After the company’s shares fell sharply in Hong Kong on Friday, the investment bank China Renaissance announced that its billionaire Chinese chairman had vanished.
Bao Fan, a prominent figure in the Chinese IT sector and the bank’s executive director, was instrumental in the development of numerous domestic online firms.
In a statement to the Hong Kong Stock Exchange on Thursday, China Renaissance stated simply, “The business has been unable to contact Mr.
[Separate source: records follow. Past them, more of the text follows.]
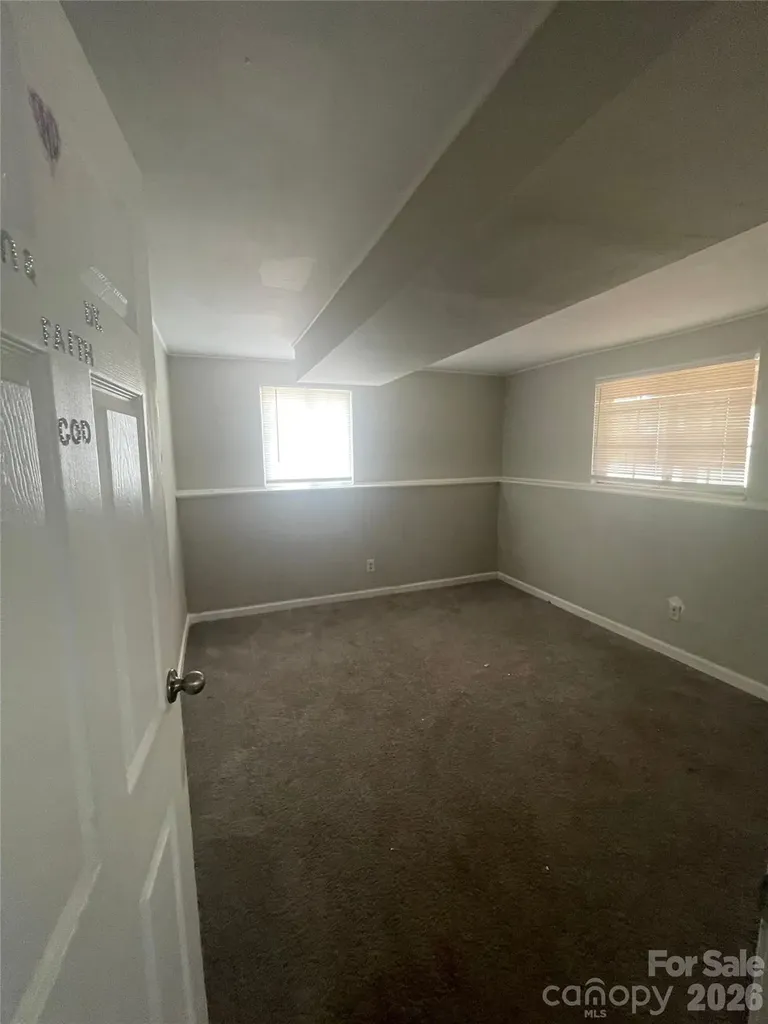 1221 Farmfield Lane Charlotte NC 28213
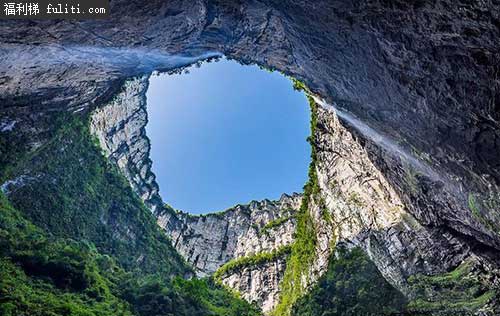 天坑有底吗?天坑有底是因为地下水吗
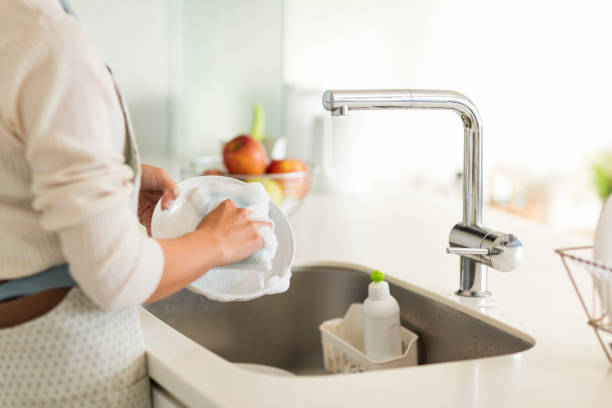 istock Housewife washing dishes 1146433614
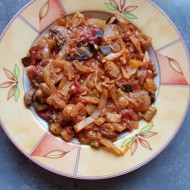 Тушеное овощное рагу с грибами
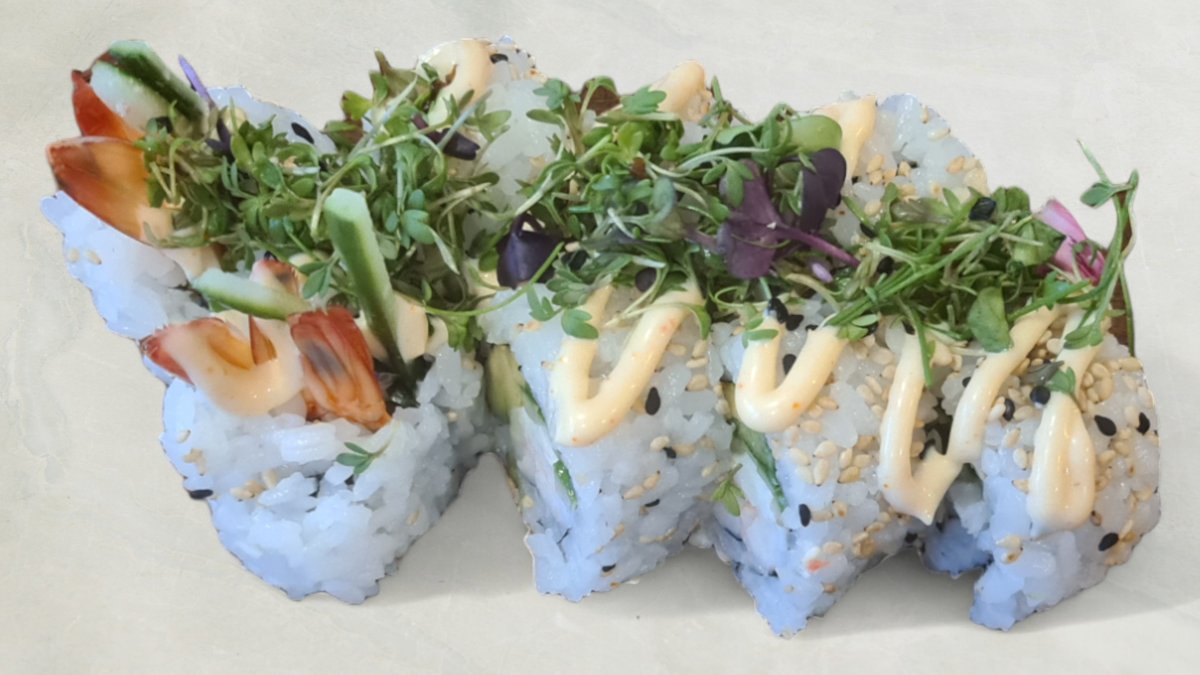 Uramaki Spicy sushi Ebi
Bao.”
Following the statement, the company’s shares initially fell by as much as 50% before making a comeback to settle at a 30 percent loss.
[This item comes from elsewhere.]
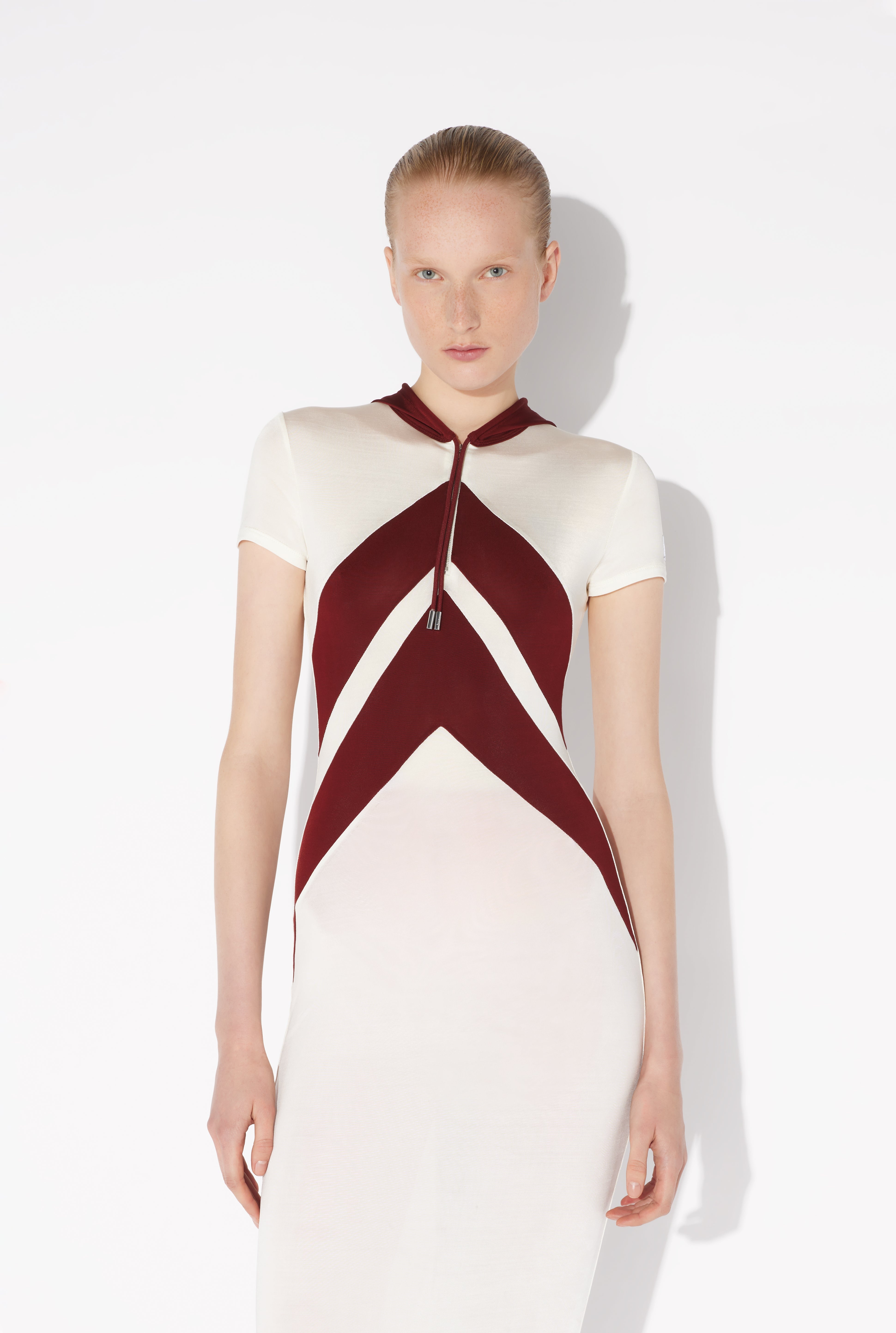 THE LONG WHITE DRESS WITH CHEVRONS - 4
The 52-year-old dealmaker had been unavailable for two days as of Thursday night, according to financial news source Caixin.
After being approached by AFP, China Renaissance was unavailable for comment right away.
As President Xi Jinping continues his ongoing fight against corruption, Bao’s absence is now causing worries about a potential new crackdown on China’s finance sector.
Given that Bao is the company’s major employee, Willer Chen, senior analyst at Forsyth Barr Asia, told Bloomberg that the executive’s ongoing absence “may be a long-term cloud on the stock.”
When asked about Bao’s disappearance, China’s foreign ministry spokesman Wang Wenbin responded that he was “not aware of the relevant information.”
But I can assure you that China is a nation governed by the law, he added.
According to the law, “the Chinese government upholds the legal rights of its citizens.”
With more than 700 staff members and locations in Beijing, Shanghai, Hong Kong, Singapore, and New York, China Renaissance has grown into a major financial organization.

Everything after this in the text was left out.